» Prompt:
Skip the pictures. Transcribe the rest of the data below without changing a word.

+++ Data excerpt +++

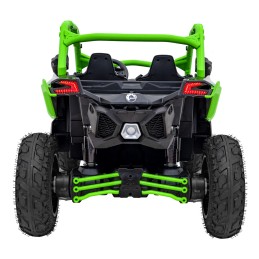 Pojazd Buggy Maverick Turbo RR STRONG Zielony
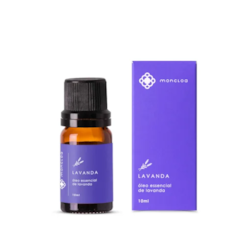 Óleo Essencial Puro de Lavanda Moncloa 10ml - VENCIMENTO 10/2025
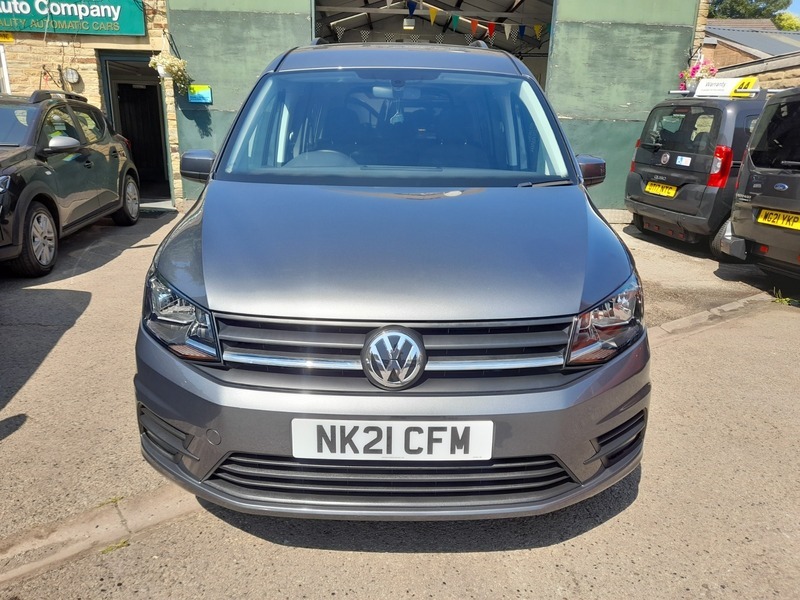 Volkswagen Caddy Maxi Life C20 Life Tdi 5 Grey #3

+++

» Exercise output:
 Pojazd Buggy Maverick Turbo RR STRONG Zielony
 Óleo Essencial Puro de Lavanda Moncloa 10ml - VENCIMENTO 10/2025
 Volkswagen Caddy Maxi Life C20 Life Tdi 5 Grey #3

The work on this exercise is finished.